The traffic light coalition has launched three relief packages with a total value of almost 100 billion euros. They should cushion the consequences of the crisis. When it comes to financing, pits open up.
In view of the increasing burden on public budgets from state aid measures worth billions during the crisis, a renewed debate about the debt brake has flared up. The federal states are also criticizing the distribution of the costs of the relief measures agreed by the traffic light between the federal and state governments. Individual countries are threatening blockades in the Bundesrat.
Lower Saxony’s Prime Minister Stephan Weil (SPD) said that at the Prime Ministers’ Conference on September 28, agreement should be reached that one is in an emergency and that the restrictions set by the debt brake must be suspended. “I can’t imagine that we can get through this situation without at least partially borrowing,” emphasized Weil.
The debt brake anchored in the Basic Law stipulates that the budgets of the federal and state governments must be balanced without income from loans.

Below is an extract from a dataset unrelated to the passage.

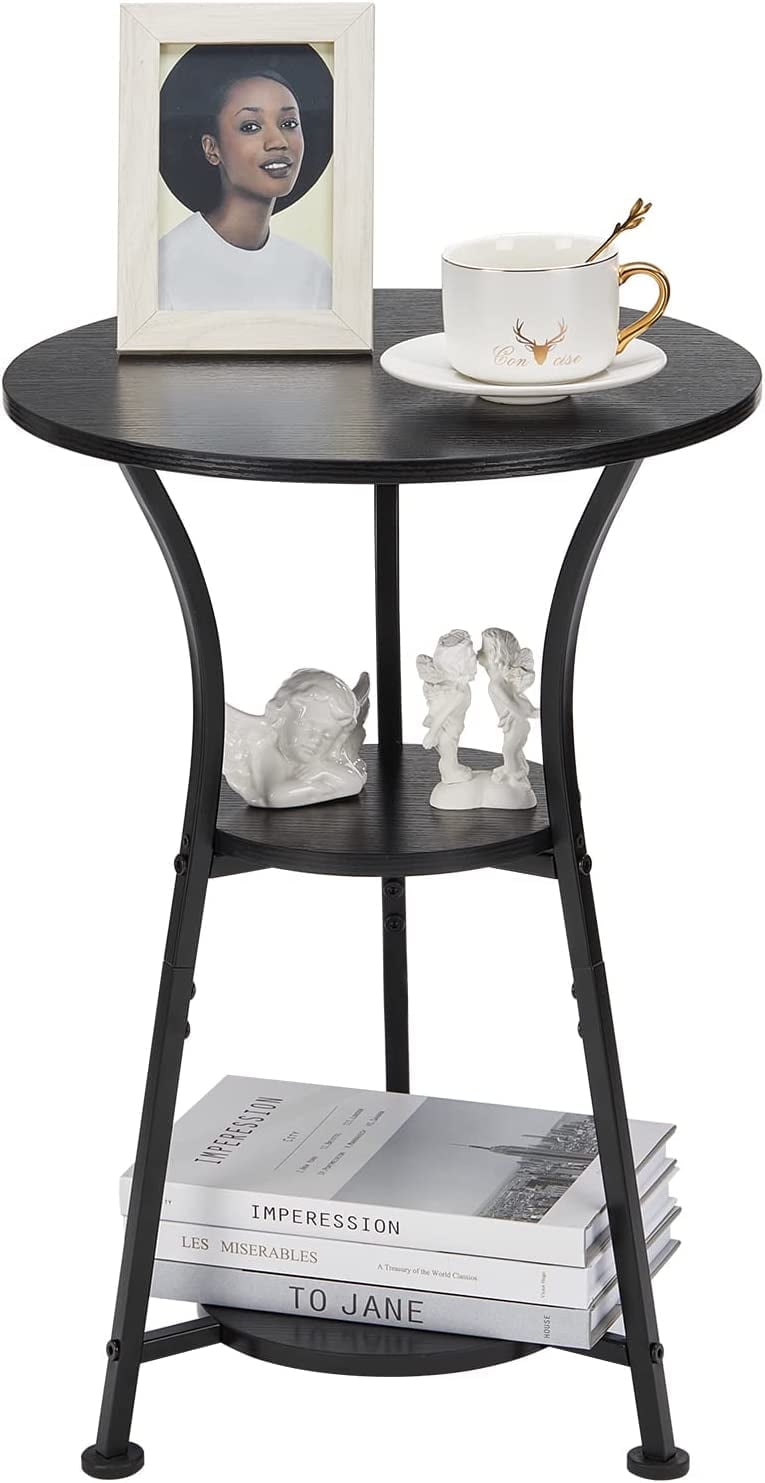 Black Round 3-Tier MDF and Iron Side Table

In the event of natural disasters or other emergencies, however, the debt brake can be suspended, which happened in 2020 and 2021 because of the pandemic.
Countries complain about the lack of coordination
Federal Finance Minister Christian Lindner (FDP) sees no reason to do this again. In the ARD he said: “We cannot permanently incur debts to compensate for the loss of prosperity.” The citizens would have to pay back these debts. For him it was clear “that we have to combine the necessary help, even with the high gas prices, with a clear commitment to the debt brake”.
Bavaria’s Prime Minister Markus Sder (CSU), on the other hand, said: “The federal government should be honest: while the federal states’ hands are tied by the debt brake, the federal finance minister is dealing in shadow budgets with gigantic billions.”
The federal states complain that the federal government does not coordinate with them when it comes to financing aid for citizens. “The relief package cannot be approved in its current form,” said Sder. Baden-Wrttemberg had previously threatened to say no to parts of the bundle of measures in the Bundesrat.
Above all, the dispute revolves around the distribution of costs. Bremen’s mayor Andreas Bovenschulte (SPD) said: “If the division proposed by the federal government is retained, the relief packages will cost Bremen (…) almost 300 million euros.” The federal government must improve. Sder spoke of decisions that could not be financed by the federal states as part of the debt brake. Never before have they been treated so badly by a federal government. Saxony-Anhalt’s Prime Minister Reiner Haseloff (CDU) called the federal government’s actions irresponsible.